Sets the config’s offline data settings.

Parameters:
  • input – Specify how to generate experiences: - “sampler”: Generate experiences via online (env) simulation (default). - A local directory or file glob expression (e.g., “/tmp/.json”). - A list of individual file paths/URIs (e.g., [“/tmp/1.json”, “s3://bucket/2.json”]). - A dict with string keys and sampling probabilities as values (e.g., {“sampler”: 0.4, “/tmp/.json”: 0.4, “s3://bucket/expert.json”: 0.2}). - A callable that takes an IOContext object as only arg and returns a ray.rllib.offline.InputReader. - A string key that indexes a callable with tune.registry.register_input

  • input_read_method – Read method for the ray.data.Dataset to read in the offline data from input_. The default is read_parquet for Parquet files. See https://docs.ray.io/en/latest/data/api/input_output.html for more info about available read methods in ray.data.

  • input_read_method_kwargskwargs for the input_read_method. These will be passed into the read method without checking. If no arguments are passed in the default argument {'override_num_blocks': max(num_learners * 2, 2)} is used. Use these kwargs` together with the map_batches_kwargs and iter_batches_kwargs to tune the performance of the data pipeline.

  • input_read_schema – Table schema for converting offline data to episodes. This schema maps the offline data columns to ray.rllib.core.columns. Columns: {Columns.OBS: ‘o_t’, Columns.ACTIONS: ‘a_t’, …}. Columns in the data set that are not mapped via this schema are sorted into episodes’ extra_model_outputs. If no schema is passed in the default schema used is ray.rllib.offline.offline_data.SCHEMA. If your data set contains already the names in this schema, no input_read_schema is needed.

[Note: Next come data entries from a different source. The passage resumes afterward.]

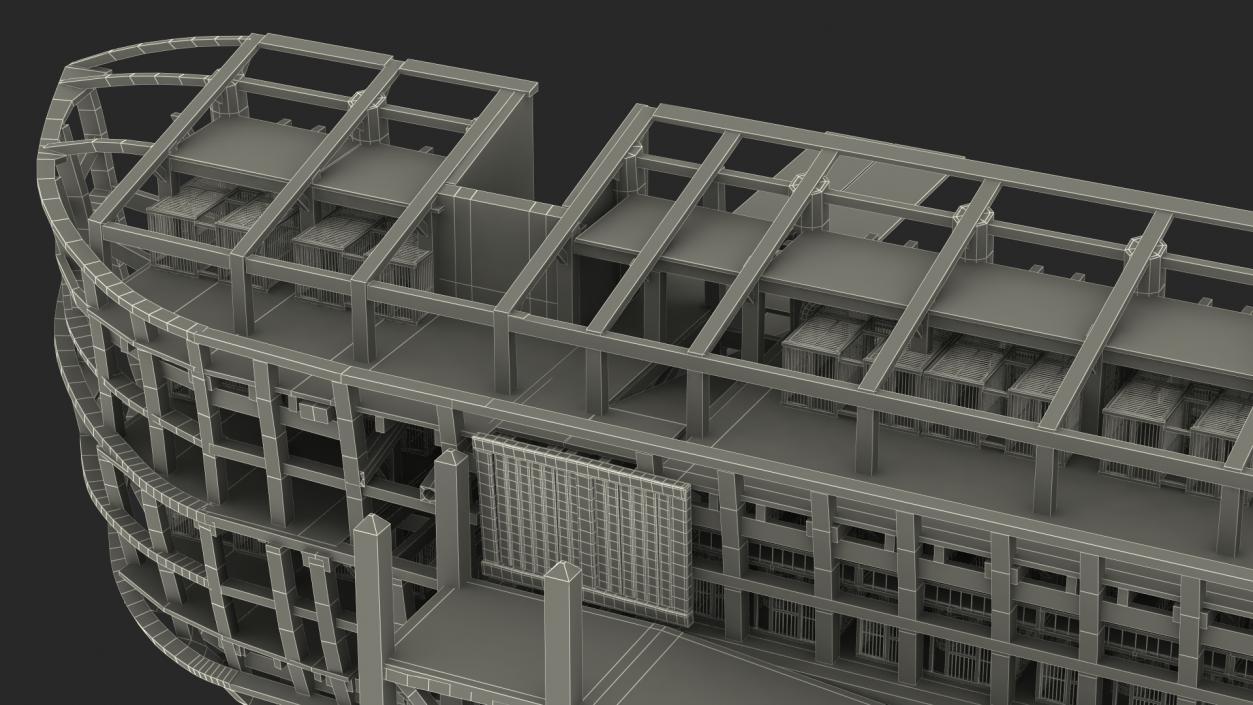 3D model Noah Ark Cross Section with transparency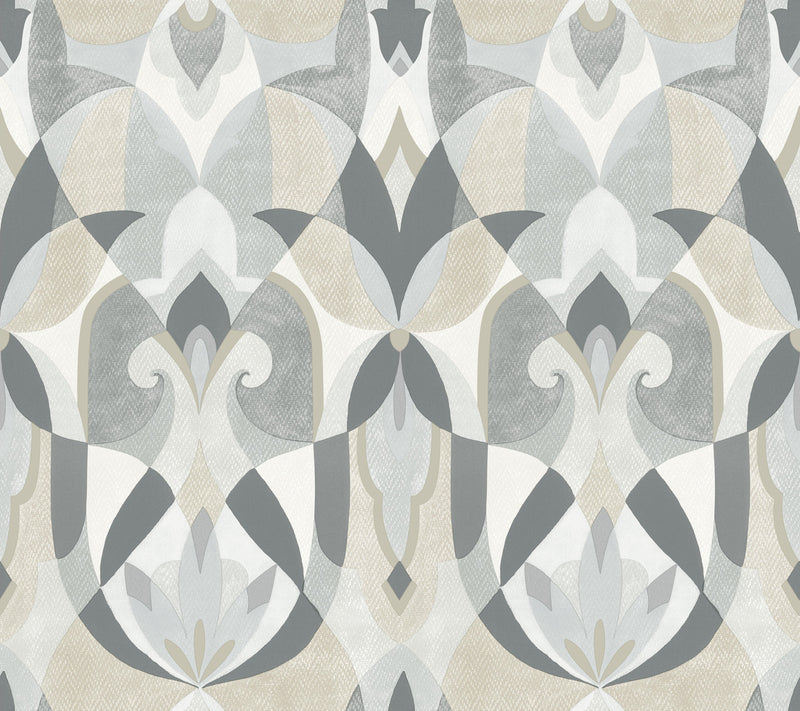 media image for sample malta wallpaper in neutral glint from the mediterranean collection by york wallcoverings 1 286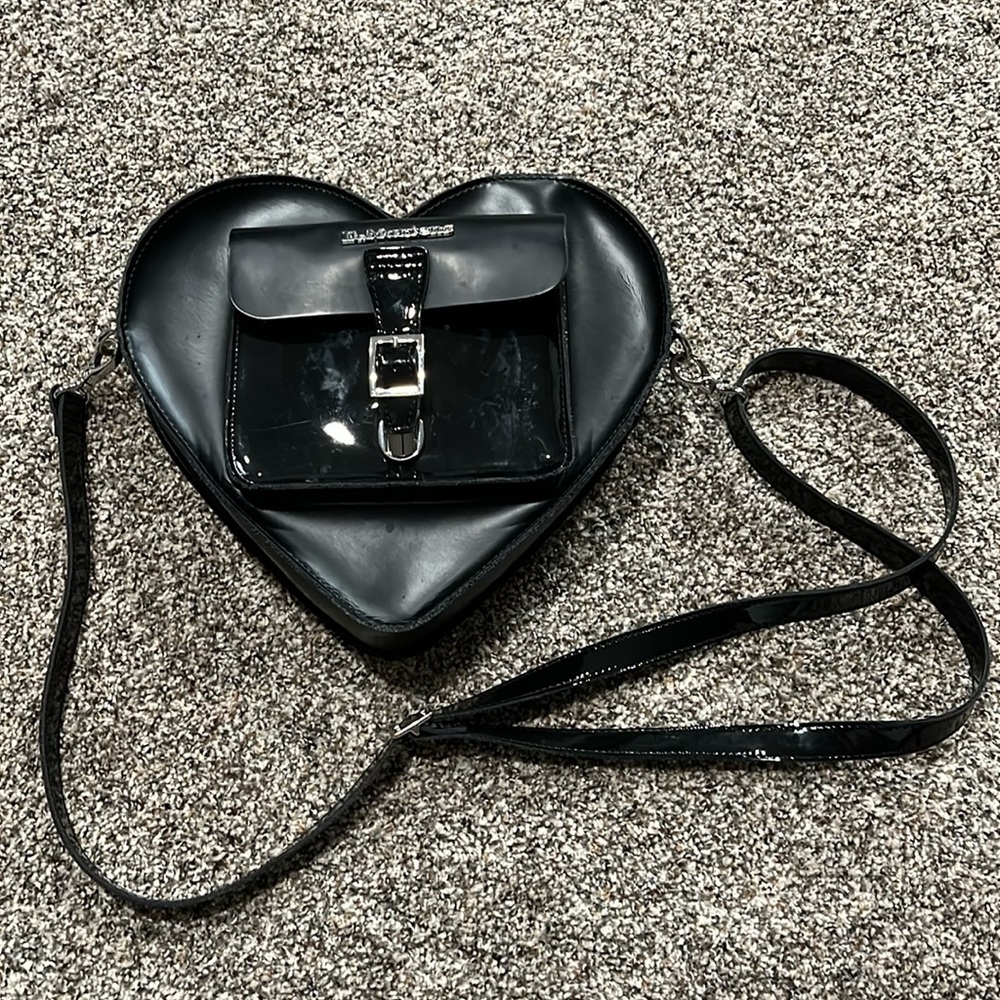 Dr. Martens Heart Shaped Leather Backpack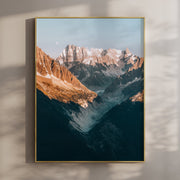 Mer de Glace & Grand Jorasses Print – Alpine Landscape Wall Art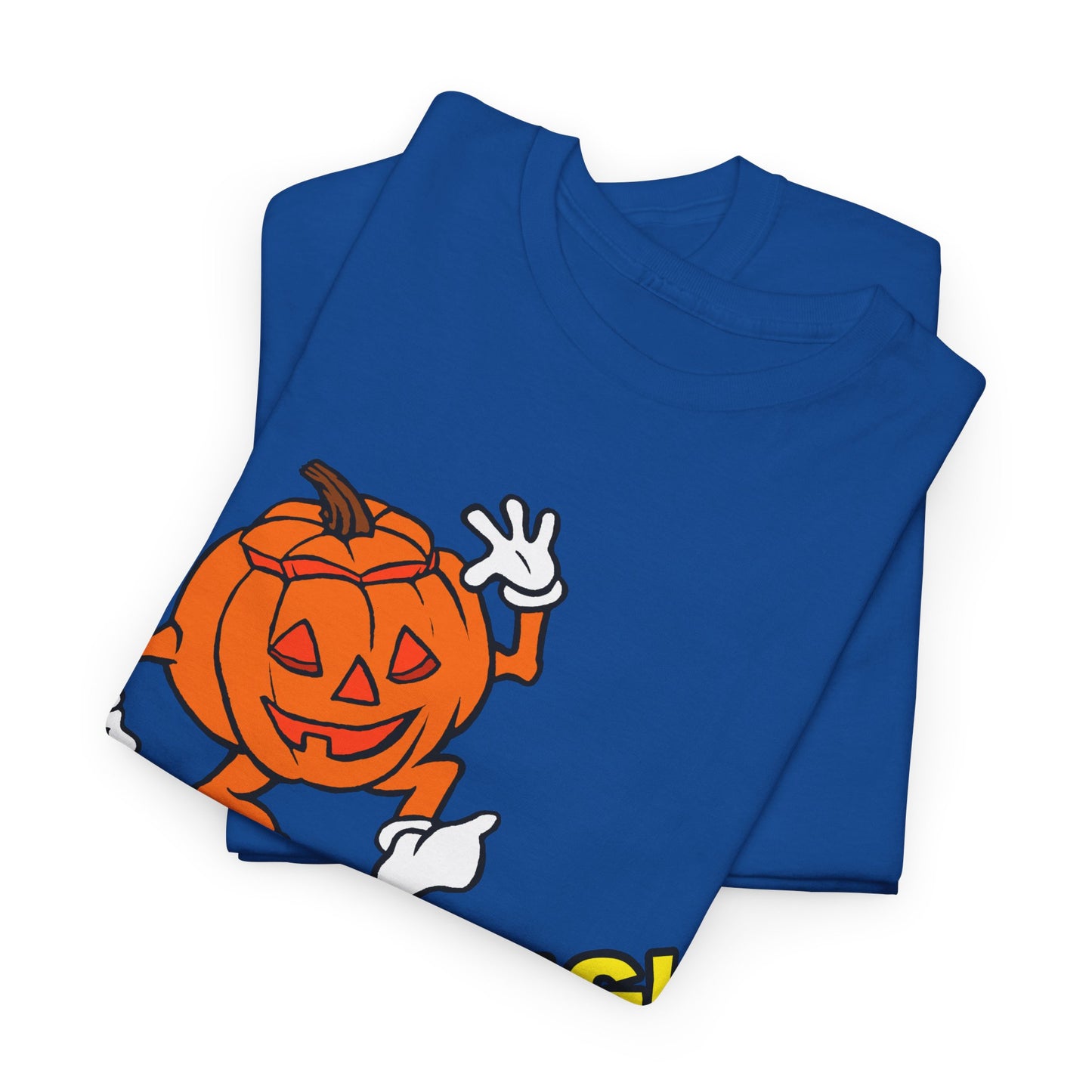 old tv commercial halloween pumpking guy not long custom reproduction tshirt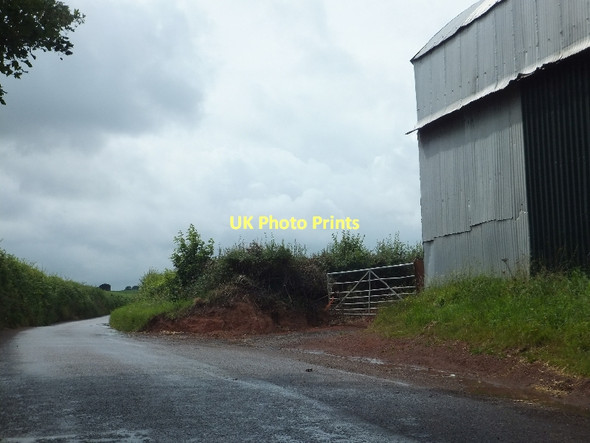 Photo 6"x4" Barn at Stockeydown Hollacombe\/SS8000 c2011
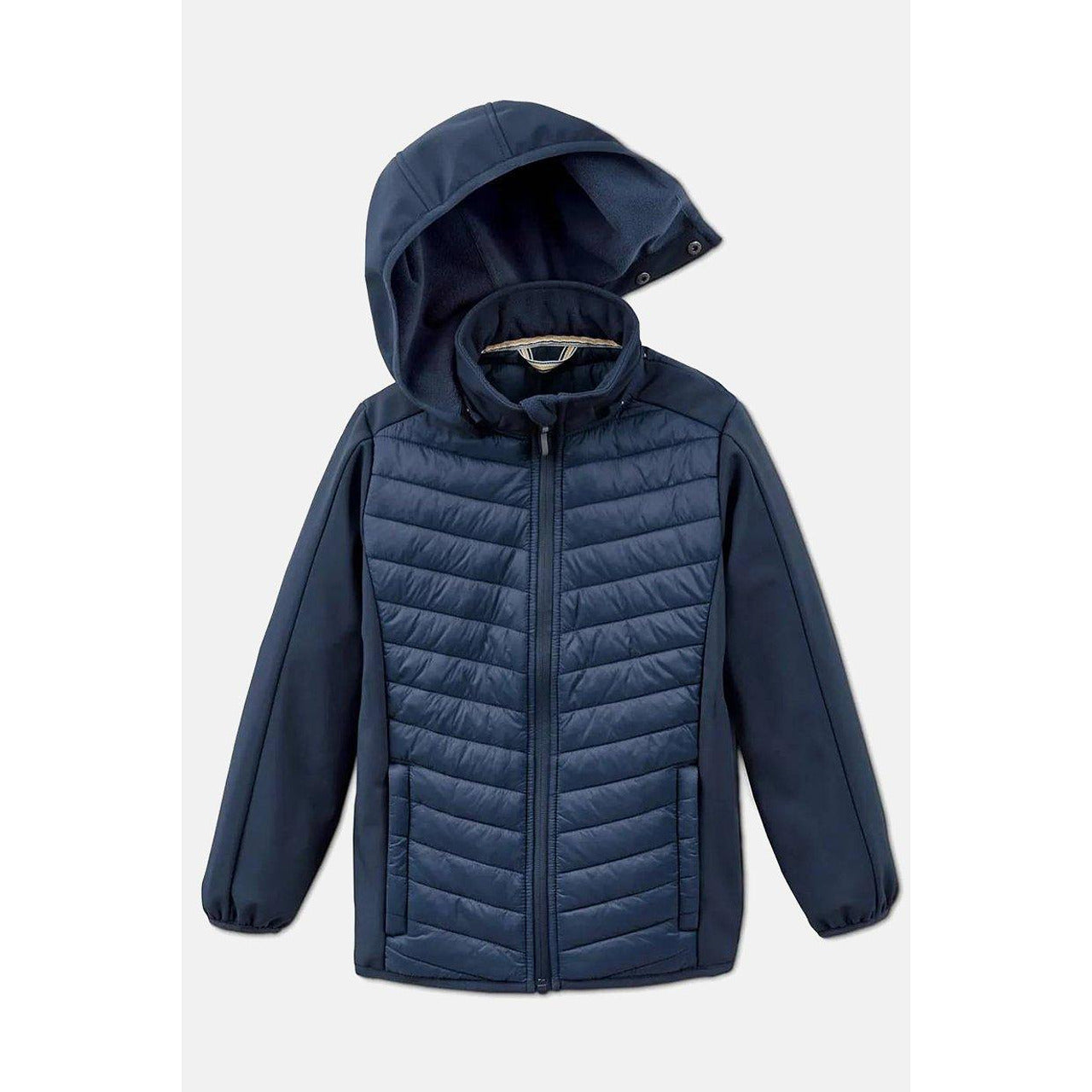 Children's hybrid all-season jacket, dark blue 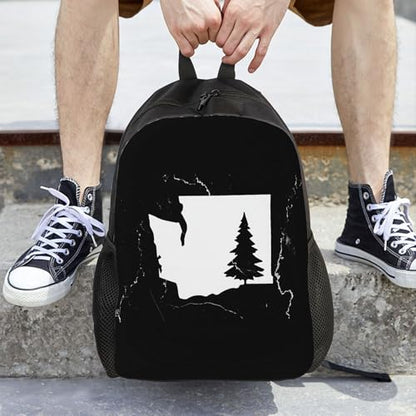 Washington State Tree Backpacks For Men Women Book Bag Travel Hiking Camping Work Lightweight - color: Ye2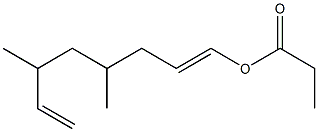 Propionic acid 4,6-dimethyl-1,7-octadienyl ester 구조식 이미지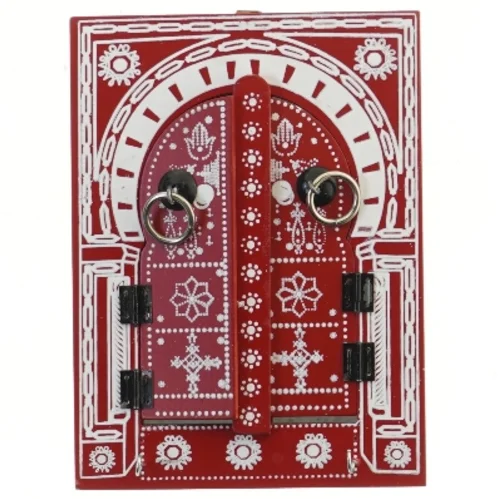 Dekorativ vægophæng med spejl (str. 24x17,5 cm)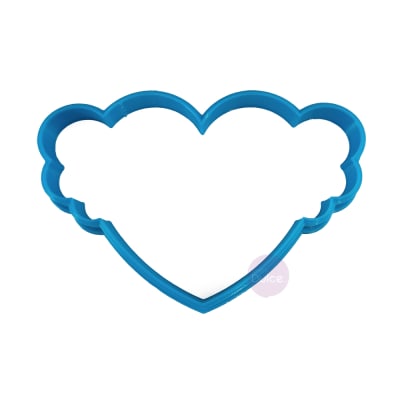 Cortador Plástico Corazón con Alas N°2
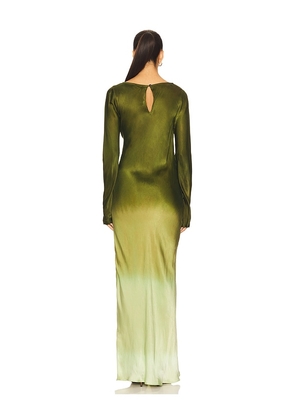 SWF Fluid Drape Maxi Dress in Olive. Size M. Also in S, XS, L.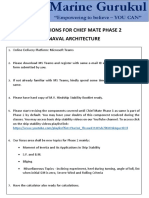 Naval Architecture Instructions - Phase 2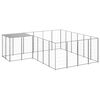 vidaXL Dog Kennel Silver 8.47 m² Steel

  • input_read_episodes – Whether offline data is already stored in RLlib’s EpisodeType format, i.e. ray.rllib.env.SingleAgentEpisode (multi -agent is planned but not supported, yet). Reading episodes directly avoids additional transform steps and is usually faster and therefore the recommended format when your application remains fully inside of RLlib’s schema. The other format is a columnar format and is agnostic to the RL framework used. Use the latter format, if you are unsure when to use the data or in which RL framework. The default is to read column data, i.e. False. See also output_write_episodes to define the output data format when recording.

  • input_compress_columns – What input columns are compressed with LZ4 in the input data. If data is stored in RLlib’s SingleAgentEpisode ( MultiAgentEpisode not supported, yet). Note, rllib.core.columns.Columns.OBS will also try to decompress rllib.core.columns.Columns.NEXT_OBS.

  • map_batches_kwargskwargs for the map_batches method. These will be passed into the ray.data.Dataset.map_batches method when sampling without checking. If no arguments passed in the default arguments { 'concurrency': max(2, num_learners), 'zero_copy_batch': True} is used. Use these kwargs` together with the input_read_method_kwargs and iter_batches_kwargs to tune the performance of the data pipeline.

  • iter_batches_kwargskwargs for the iter_batches method. These will be passed into the ray.data.Dataset.iter_batches method when sampling without checking. If no arguments are passed in, the default argument { 'prefetch_batches': 2, 'local_buffer_shuffle_size': train_batch_size_per_learner * 4} is used. Use these kwargs` together with the input_read_method_kwargs and map_batches_kwargs to tune the performance of the data pipeline.

  • prelearner_class – An optional OfflinePreLearner class that is used to transform data batches in ray.data.map_batches used in the OfflineData class to transform data from columns to batches that can be used in the Learner’s update methods. Override the OfflinePreLearner class and pass your dervied class in here, if you need to make some further transformations specific for your data or loss. The default is None which uses the base OfflinePreLearner defined in ray.rllib.offline.offline_prelearner.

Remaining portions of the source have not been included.